First, dividends are taxed as ordinary income. There is no preferential tax treatment. I think you are referring to capital gains, which are only realized upon the sale of equity.
There is a such thing as "qualified" dividends, which have a lower tax rate, which is what I was referring to. Also, my post was in response to someone who claimed that the extra money that came from a lower tax rate would accrue only to the higher ups, who would structure the payment as a dividend in order to not only keep all the extra money from lower tax rates all to themselves, but also to pay a lower tax rate. I refute both claims as utterly false.
Second, can you prove that statement about how $X in the hands of a corporation that has a profit motive, shareholders, and probably high salaries/bonuses for executives does a better job using that money than the government which has no profit motive, no shareholders, and public employees.

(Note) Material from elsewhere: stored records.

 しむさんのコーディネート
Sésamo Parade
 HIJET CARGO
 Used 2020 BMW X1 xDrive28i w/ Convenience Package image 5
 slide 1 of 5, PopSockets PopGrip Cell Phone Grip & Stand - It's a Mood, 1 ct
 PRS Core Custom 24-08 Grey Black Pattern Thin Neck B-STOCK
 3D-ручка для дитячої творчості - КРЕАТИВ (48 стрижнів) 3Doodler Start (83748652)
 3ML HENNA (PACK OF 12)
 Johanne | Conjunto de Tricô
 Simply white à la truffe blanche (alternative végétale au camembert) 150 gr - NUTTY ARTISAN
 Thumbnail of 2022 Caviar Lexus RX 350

$X Million dollars building a road that benefits an entire community is better than $X Million dollars buying a $Y machine and giving dividends and bonues equal to $Z.

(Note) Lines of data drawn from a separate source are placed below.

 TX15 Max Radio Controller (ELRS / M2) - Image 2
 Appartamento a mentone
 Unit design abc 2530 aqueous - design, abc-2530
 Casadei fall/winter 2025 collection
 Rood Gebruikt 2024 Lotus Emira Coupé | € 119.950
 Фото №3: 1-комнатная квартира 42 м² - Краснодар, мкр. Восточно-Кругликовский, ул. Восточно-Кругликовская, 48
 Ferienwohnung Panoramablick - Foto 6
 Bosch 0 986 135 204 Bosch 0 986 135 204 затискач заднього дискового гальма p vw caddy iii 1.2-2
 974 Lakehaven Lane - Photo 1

Let's say that the tax rate gets cut. The extra money will be used as some combination of higher salaries, shareholder distribution, and MAYBE lower price, though relatively unlikely.
Let me address the possibility of distributions. I feel that many on this forum consider the "shareholders" as part of the group known as the "1%," those greedy, bloodsucking snobs who are only after money. The belief that these are the only ones who will benefit from lower tax rates seems to form the basis for opposing lower corporate tax rates. I'm arguing that that notion is not entirely true,p.

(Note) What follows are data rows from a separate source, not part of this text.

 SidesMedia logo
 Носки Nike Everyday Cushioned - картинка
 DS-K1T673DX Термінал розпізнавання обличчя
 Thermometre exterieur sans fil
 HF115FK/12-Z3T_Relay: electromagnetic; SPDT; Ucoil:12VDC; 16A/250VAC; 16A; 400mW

Look at it this way. Let's look at Apple for example. Most of Apple stock is owned by institutional shareholders such as mutual funds, hedge funds, etc. Entities such as pension funds invest in these funds. Individuals also invest in mutual funds. The beneficiaries of pension funds are middle class folk, the "99%."
Companies often have different classes of stock, including preferred shares that are only available to certain classes of people.
Why are gains income treated any differently than any other income? Why do investors get a tax break?
Preferred shares aren't called "preferred" because of who can buy them. They're called preferred shares because of certain characteristics that make them superior to common shares. First of all after creditors preferred shareholders get first dibs over any remaining profits before common shareholders. This means that if there's a dividend payment preferred shareholders have to get theirs first before common shareholders can get theirs. So it's because of seniority in the financing hierarchy that preferred shares are called "preferred."
Anyway you slice it it's unlikely that executives will be able to create a class of stock that they pay themselves a dividend on and make it so that the stock can only be purchased by them. One of two things will happen. Either shareholders will sue the company because the executives are pocketing something that should be going to common shareholders or the IRS will classify the dividend payment as a salary and tax it accordingly.
Lastly, as for investors getting a tax break, that's because it was decided that it would be helpful to the economy to encourage people to buy and sell stocks. Taxes are designed to influence certain behaviors. For example, cigarette taxes are designed to reduce smoking.